Khanh had been Diem's army chief of staff at the time of the 1960 coup by the ARVN Airborne Brigade, which was disturbed over both Diem's favoritism for loyalists but failure to stop the VC. He took command of the defense, obtaining key assistance from Tran Thien Khiem. [1]

In August 1963, the Central Intelligence Agency considered him a competent commander. It was suggested that Diem had rewarded him, making him JGS Chief of Staff, for helping stop a 1960 coup. He moved on to command II Corps tactical zone.[2]

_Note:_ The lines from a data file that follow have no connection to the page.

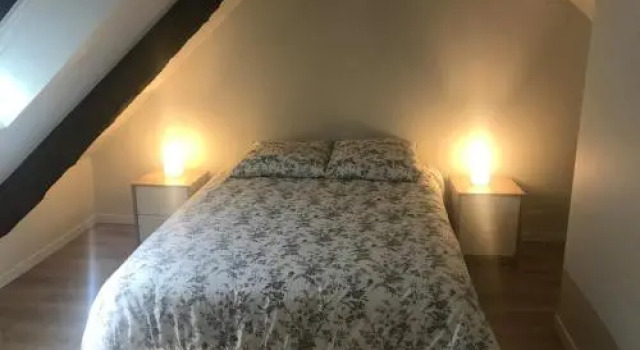 Maison Centre Bayeux 5 Chambres 10 Personnes, Забронировать Отель Байе 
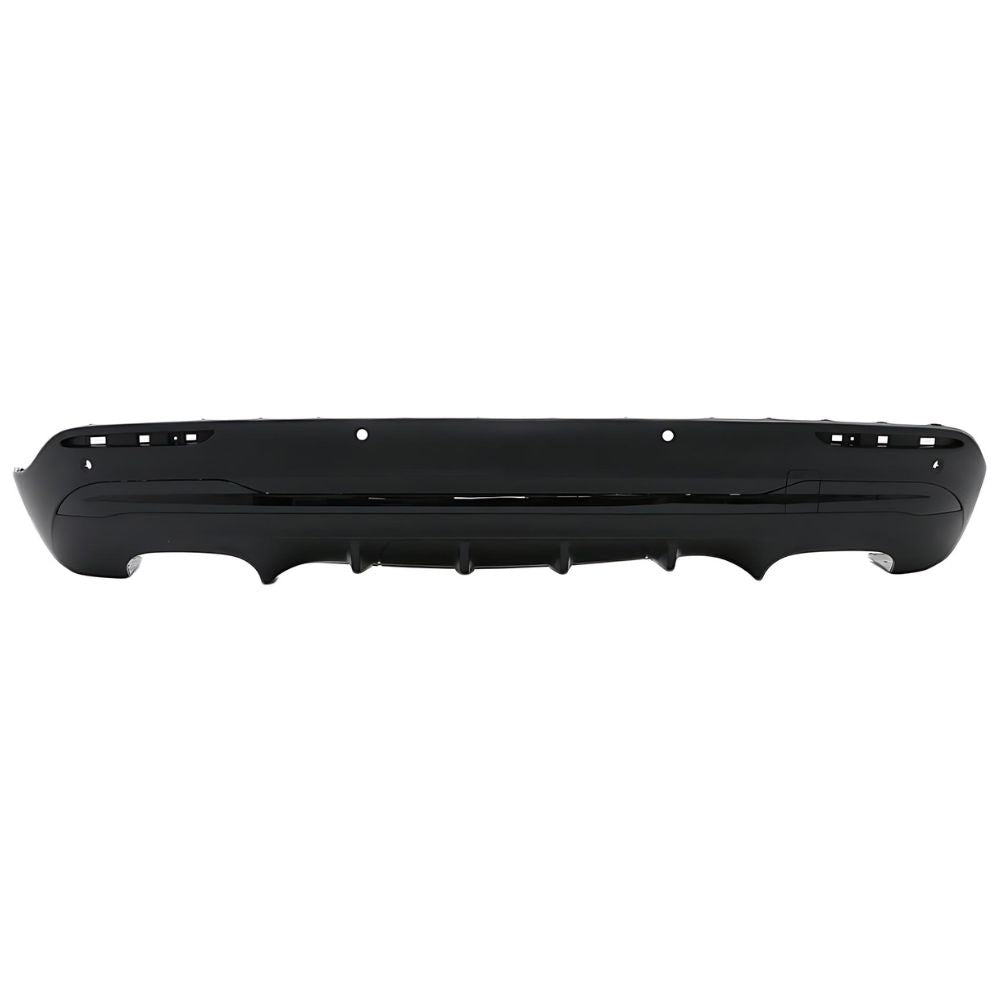 Mercedes GLA H247 AMG Line 2020-2023 Diffusore AMG 45S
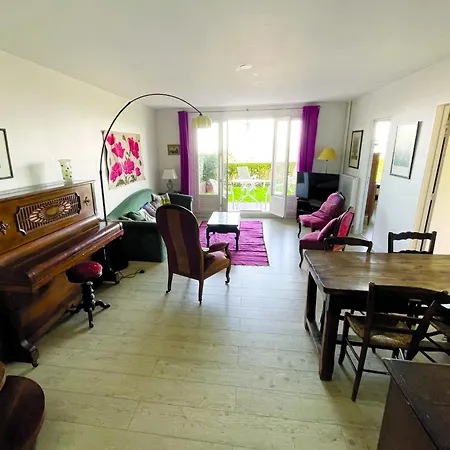 Brise Du Large - Grand 6 Personnes Magnifique Vue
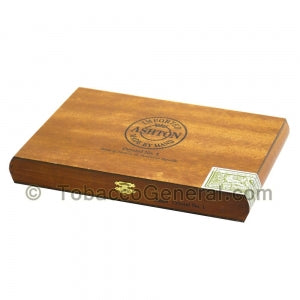 Ashton Crystal Number 1 Cigars Box of 10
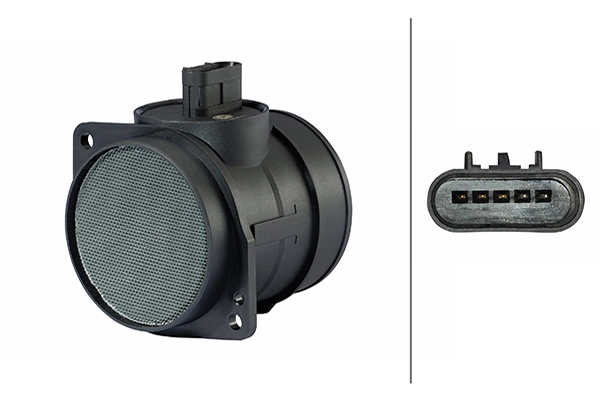 Mass Air Flow Sensor 8ET 358 095-911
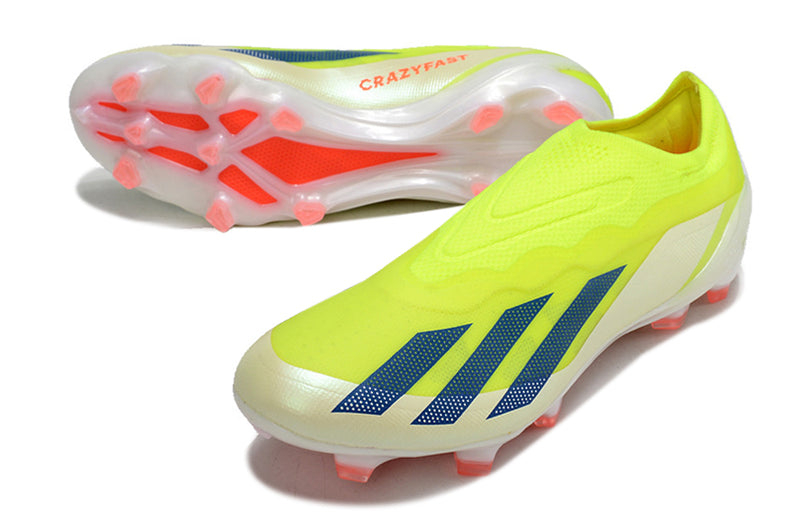 Chuteira Adidas Campo X CrazyFast .1 LL FG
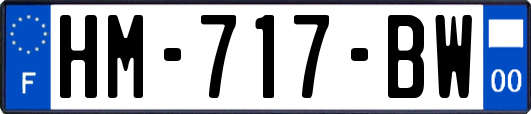 HM-717-BW
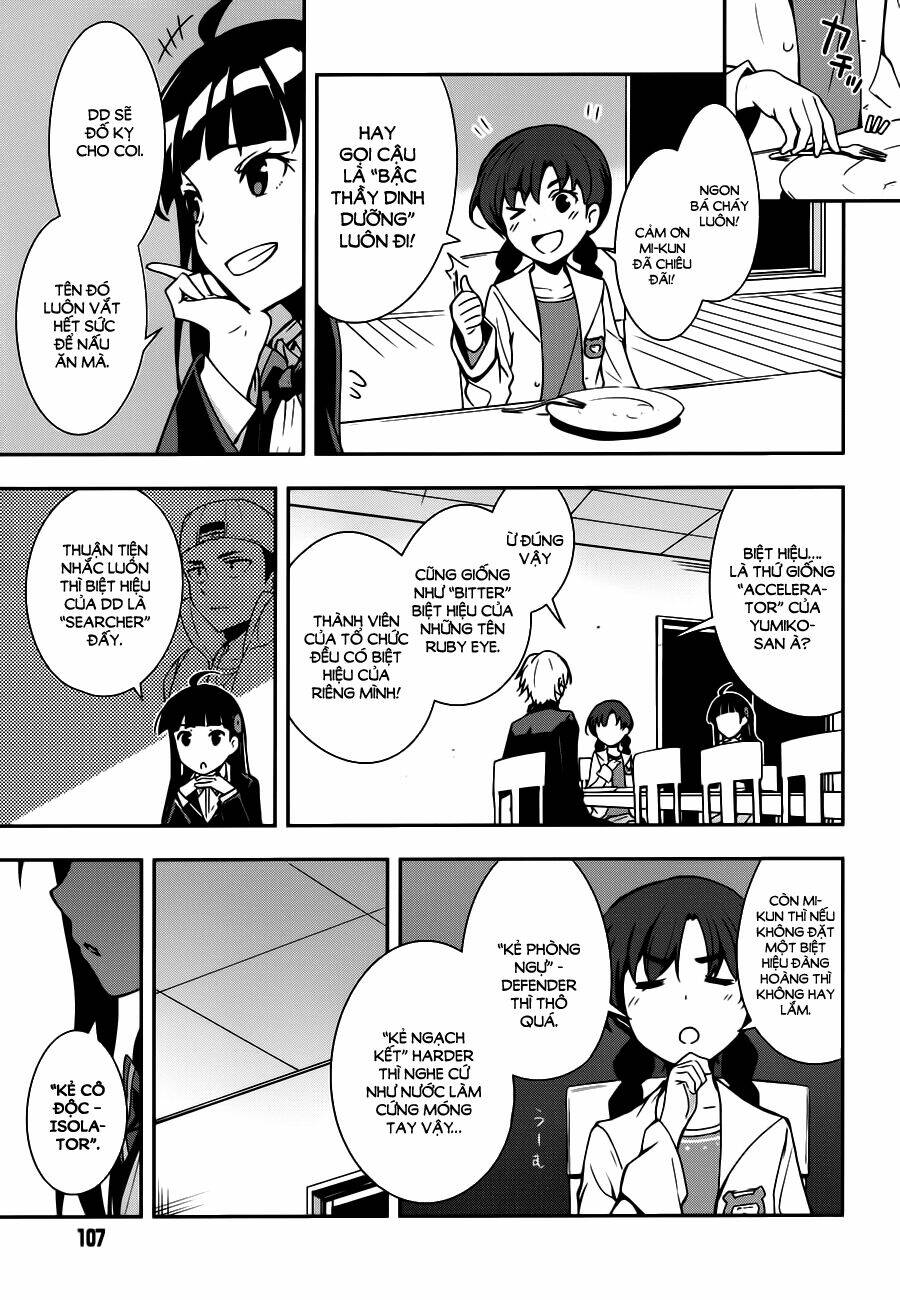 Zettai Naru Kodokusha: Chapter 15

After the November coup, Khanh told Lucien Conein of his dissatisfaction, but neither he nor Henry Cabot Lodge Jr. took it seriously. Khanh sought U.S. support for his coup by claiming Duong Van Minh and Tran Van Don were really supporters of Charles de Gaulle and wanted a more neutralist solution than was consistent with U.S. policy. [3]

Khanh, in later governments, allowed various amounts of token civil control. In August 1964, after a controversial call to "go north", Khanh removed Minh and assumed the presidency, resigning it two weeks later. In September, he formed the High Legislative Council to form a new government. The HLC named Pham Khac Suu as head of state and Tran Van Huong as Premier and head of government.

The HLC then came under the control of Khanh, Duong Van Minh and Tran Thien Khiem formed a triumvirate, althugh Khanh was reported "ill" a week later. Nguyen Xuan Oanh, an economist, was then named to run a subordinate civilian government, over Buddhist calls for all-civilian government.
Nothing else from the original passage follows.